(Crawled caption data)
--------

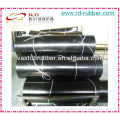 nitrile rubber sheeting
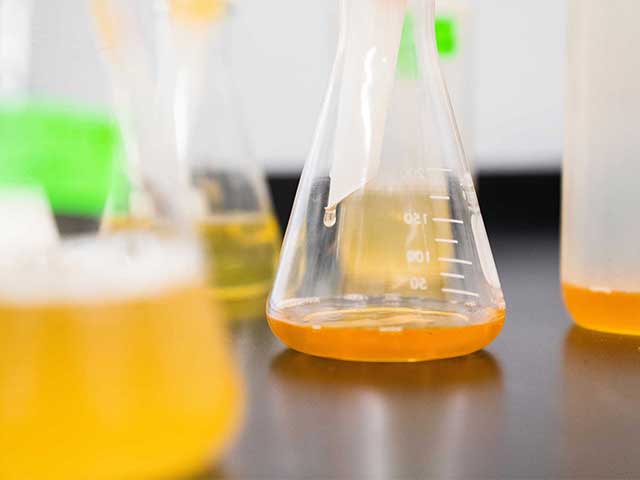 Multi-ring-aromatic-hydrocarbons Multi-ring aromatic hydrocarbons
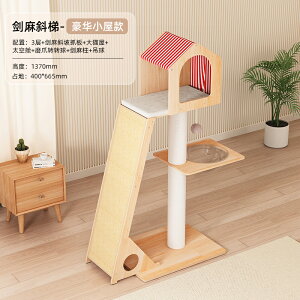 _ԌP5{^yVRؐzLbg^[ ̌^ LnEX܂Ƃ RpNg݌v ȃXy[X LWv t  @\ ybgp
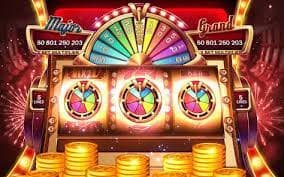 ibe789 Sportsbook မြန်မာ ဘောလုံးပွဲ Live Betting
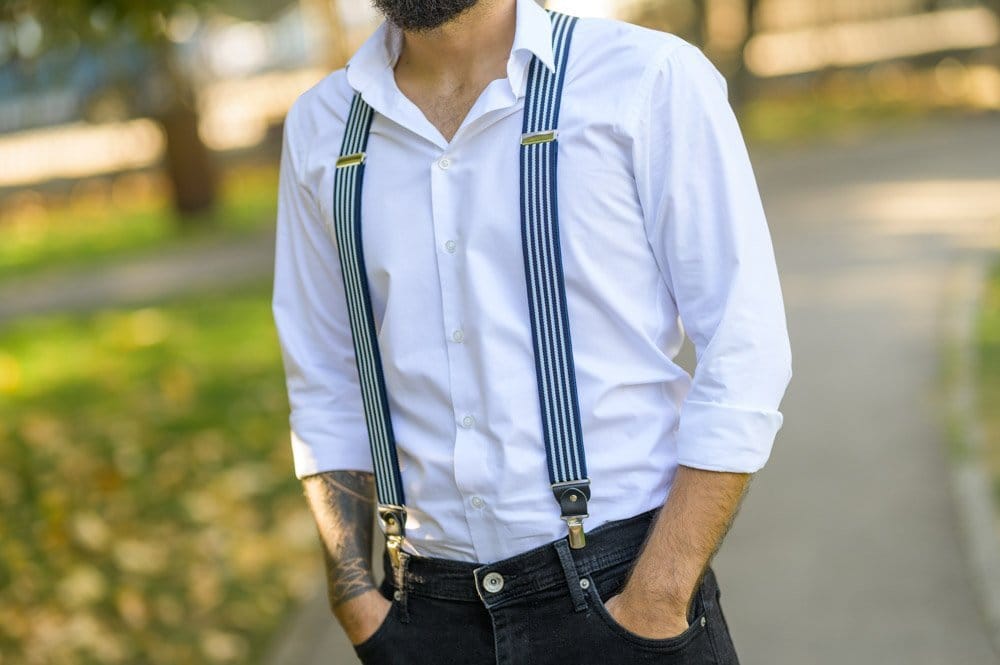 toro-nero-bretele-b7-1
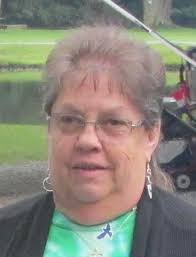 Obituary for Deborah L. (Shaffer) Hess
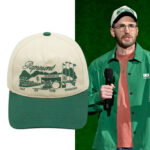 Chris-Evans-Avengers-Doomsday-Represent-Hat-2026.jpg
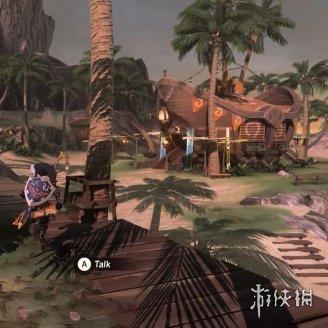 《天国拯救2》诱惑之计攻略:快速完成支线任务 《天国拯救2》诱惑之计攻略:快速完成支线任务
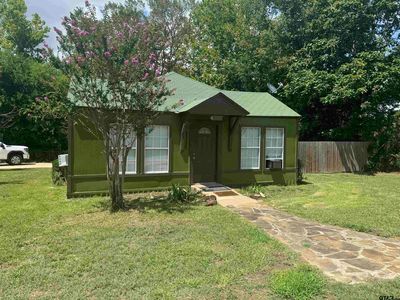 111 Braziel St, Lindale, TX, 75771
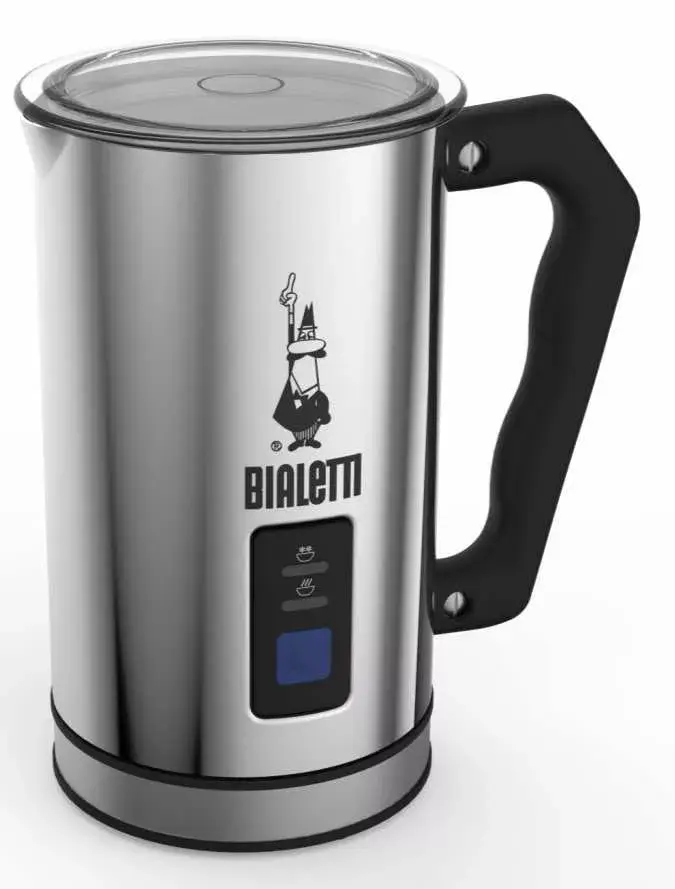 Coffee Maker Bialetti MK01 Photo 2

--------

Restate each line above exactly, keeping pictures out.

 nitrile rubber sheeting
 Multi-ring-aromatic-hydrocarbons Multi-ring aromatic hydrocarbons
 _ԌP5{^yVRؐzLbg^[ ̌^ LnEX܂Ƃ RpNg݌v ȃXy[X LWv t  @\ ybgp
 ibe789 Sportsbook မြန်မာ ဘောလုံးပွဲ Live Betting
 toro-nero-bretele-b7-1
 Obituary for Deborah L. (Shaffer) Hess
 Chris-Evans-Avengers-Doomsday-Represent-Hat-2026.jpg
 《天国拯救2》诱惑之计攻略:快速完成支线任务 《天国拯救2》诱惑之计攻略:快速完成支线任务
 111 Braziel St, Lindale, TX, 75771
 Coffee Maker Bialetti MK01 Photo 2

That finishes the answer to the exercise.